Processor - Hazelcast Jet Reference Manual

Processor is the main type whose implementation is up to the user: it contains the code of the computation to be performed by a vertex. There are a number of Processor building blocks in the Jet API which allow you to just specify the computation logic, while the provided code handles the processor's cooperative behavior. Please refer to the AbstractProcessor section.

A processor's work can be conceptually described as follows: "receive data from zero or more input streams and emit data into zero or more output streams." Each stream maps to a single DAG edge (either inbound or outbound). There is no requirement on the correspondence between input and output items; a processor can emit any data it sees fit, including none at all.
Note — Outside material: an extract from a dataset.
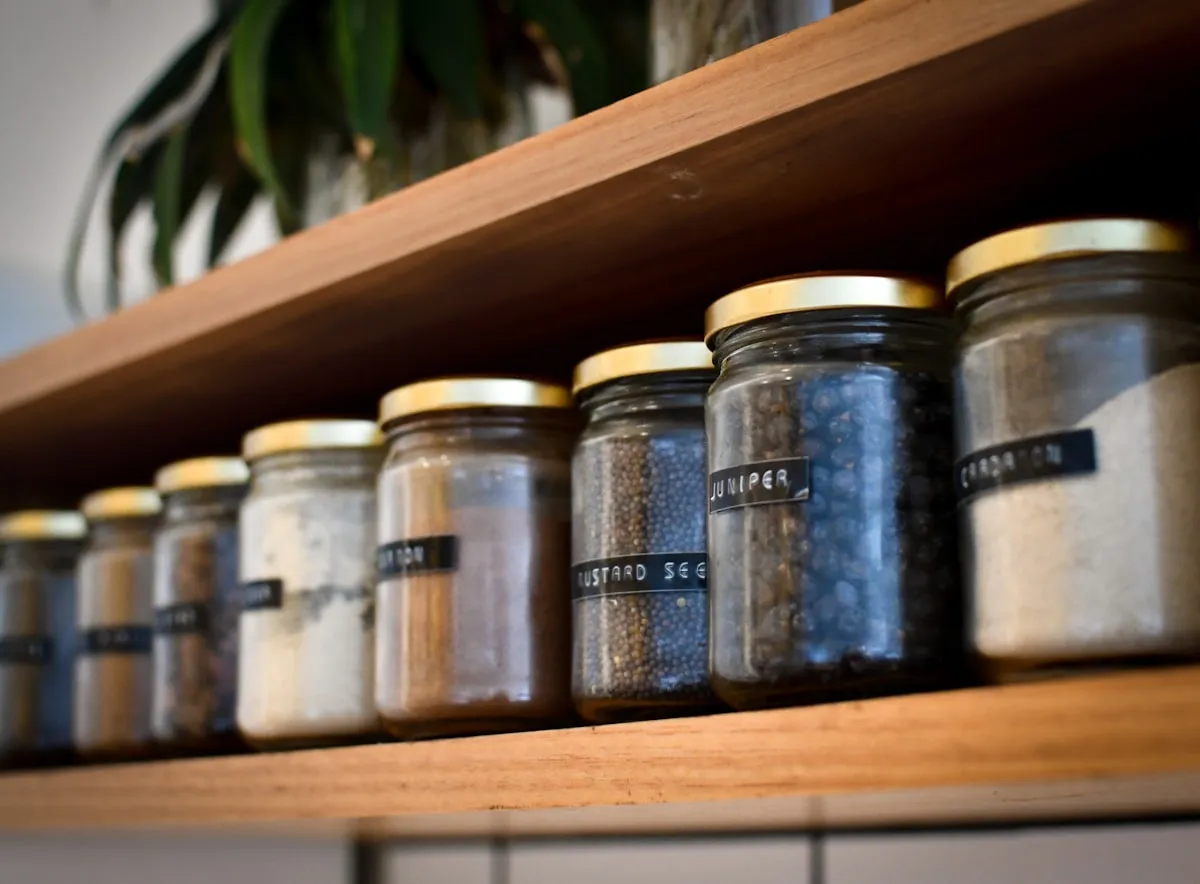 Labeled glass jars of spices with gold lids lined up on a wooden shelf, including juniper, mustard seed, and cardamom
The same Processor abstraction is used for all kinds of vertices, including sources and sinks.

Cooperative Multithreading

Cooperative multithreading is one of the core features of Jet and can be roughly compared to green threads. It is purely a library-level feature and does not involve any low-level system or JVM tricks; the Processor API is simply designed in such a way that the processor can do a small amount of work each time it is invoked, then yield back to the Jet engine. The engine manages a thread pool of fixed size and on each thread, the processors take their turn in a round-robin fashion.
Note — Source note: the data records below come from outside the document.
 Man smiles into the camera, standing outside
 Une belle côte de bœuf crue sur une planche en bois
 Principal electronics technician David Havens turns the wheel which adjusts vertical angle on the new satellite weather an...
The point of cooperative multithreading is better performance. Several factors contribute to this:

The overhead of context switching between processors is much lower since the operating system's thread scheduler is not involved.
The worker thread driving the processors stays on the same core for longer periods, preserving the CPU cache lines.
The worker thread has direct knowledge of the ability of a processor to make progress (by inspecting its input/output buffers).

Processor instances are cooperative by default. The processor can opt out of cooperative multithreading by overriding isCooperative() to return false. Jet will then start a dedicated thread for it.

Requirements

To maintain an overall good throughput, a cooperative processor must take care not to hog the thread for too long (a rule of thumb is up to a millisecond at a time). Jet's design strongly favors cooperative processors and most processors can and should be implemented to fit these requirements. The major exception are sources and sinks because they often have no choice but calling into blocking I/O APIs.

The Outbox

The processor sends its output items to its Outbox, which has a separate bucket for each outbound edge. The buckets have limited capacity and will refuse an item when full. A cooperative processor should be implemented such that when its item is rejected by the outbox, it saves its processing state and returns from the processing method. The execution engine will then drain the outbox buckets.
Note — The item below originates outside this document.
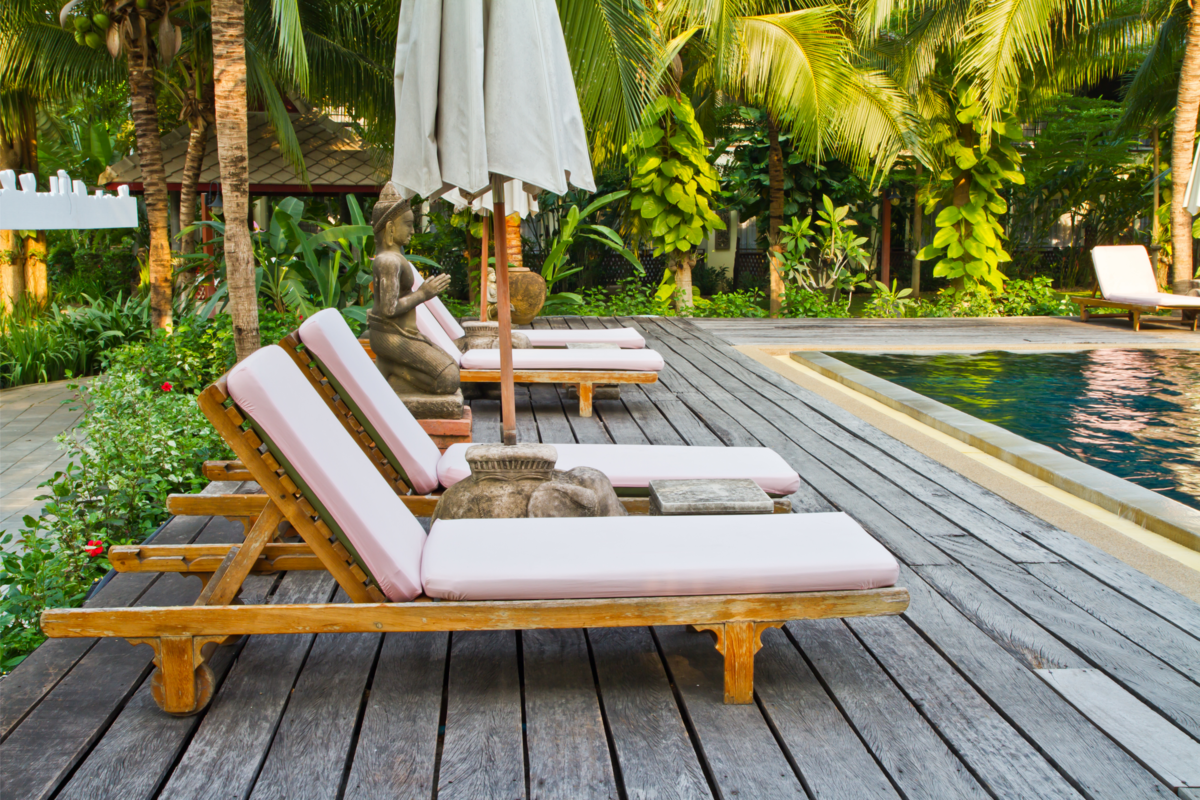 Cadeiras de madeira para spa no deck da piscina e árvores ao redor.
By contrast, a non-cooperative processor gets an auto-flushing, blocking outbox that never rejects an item. This can be leveraged to simplify the processor's implementation; however the simplification alone should never be the reason to declare a processor non-cooperative.

Data Processing Callbacks

Two callback methods are involved in data processing: process() and complete(). Implementations of these methods can be stateful and do not need to be thread-safe because Jet guarantees to use the processor instances from one thread at a time, although not necessarily always the same thread.

process(ordinal, inbox)

Jet passes the items received over a given edge to the processor by calling process(ordinal, inbox). All items received since the last process() call are in the inbox, but also all the items the processor hasn't removed in a previous process() call. There is a separate instance of Inbox for each inbound edge, so any given process() call involves items from only one edge.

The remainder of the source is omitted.